The possible SARS-nCov virus variant behind the current surge in the Covid-19 cases in India was traced back in December from the samples collected from a part of Maharashtra. But it was not flagged as it was still a variant with an unknown character, that too, detected when the cases in India were on a decline, said Anurag Agrawal, director, CSIR – Institute of Genomics and Integrative Biology (IGIB).
He was speaking at a panel discussion organised as part of a webinar titled ‘Genome Sequencing of SARS-nCov-19’, organised by the Department of Biotechnology (DBT), on Friday.
Agrawal said, “The first sequences of the so called Indian variant B.1.617 were seen in December, but we were in a defining phase. We see hundreds of mutations when every time we sequence. There was absolutely no reason to flag a variant or a mutation of an unknown character in a declining phase of an outbreak.”
But samples from a part of Maharashtra began to show some signs. Since Maharashtra is a large state and so is India, a large country, there is no one Indian strain, the experts said.
“From a part of Maharashtra, L452R mutation was being seen along with E484Q in an increasing number of samples during the outbreak that started in January and it was flagged,” said the IGIB director.
Genome sequencing in India started only after the UK confirmed a new corona virus variant in November last year in a possible fresh wave. Indian scientists were roped into the SARS CoV2 Genome Sequencing Consortium (INSACOG) — a 10-institution team, tasked with performing genome sequence and surveillance, began sequencing here.
Generally, genomic sequencing can include studying the bio-chemical or bio-physical characteristics done mainly to generate an accurate sequence of a virus strain.

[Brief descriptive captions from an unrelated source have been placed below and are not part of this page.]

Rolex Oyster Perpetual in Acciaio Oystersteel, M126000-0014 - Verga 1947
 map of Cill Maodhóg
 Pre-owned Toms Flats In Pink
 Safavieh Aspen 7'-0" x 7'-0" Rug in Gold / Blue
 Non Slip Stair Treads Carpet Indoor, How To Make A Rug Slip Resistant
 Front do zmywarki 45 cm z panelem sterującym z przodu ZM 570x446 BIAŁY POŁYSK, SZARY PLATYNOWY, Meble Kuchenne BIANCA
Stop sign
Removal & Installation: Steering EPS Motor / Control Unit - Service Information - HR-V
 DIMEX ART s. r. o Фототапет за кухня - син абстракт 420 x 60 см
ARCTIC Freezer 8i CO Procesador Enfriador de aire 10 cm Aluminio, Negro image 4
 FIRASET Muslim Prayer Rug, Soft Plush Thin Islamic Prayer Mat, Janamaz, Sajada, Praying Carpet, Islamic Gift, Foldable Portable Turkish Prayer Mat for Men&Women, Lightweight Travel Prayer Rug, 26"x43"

“A ‘variant of interest’ was identified and all necessary tests were performed. By the end of March, this variant was moved from a ‘variant of interest’ to a ‘variant of concern’. After obtaining the samples from cases and vaccines, we can now co-relate backwards in an outbreak starting in January and till March end,” he added.

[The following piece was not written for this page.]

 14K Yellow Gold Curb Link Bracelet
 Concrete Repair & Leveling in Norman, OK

Along with IGIB, labs in this consortium include National Institute of Virology (NIV), National Institute of Biomedical Genomics (NIBMG), National Centre for Disease Control (NCDC), Regional Centre for Biotechnology (RCB) and others.
“Despite all the precautions taken, there was an explosion of cases as the UK found the variant B.1.1.7 during October and November last year. After three months of carrying out extensive sequencing, the UK scientists could trace this variant, which had first emerged (there) in September,” said Agrawal.
Virus mutations are natural, said Shekhar Mande, director general of the Council of Scientific and Industrial Research (CSIR).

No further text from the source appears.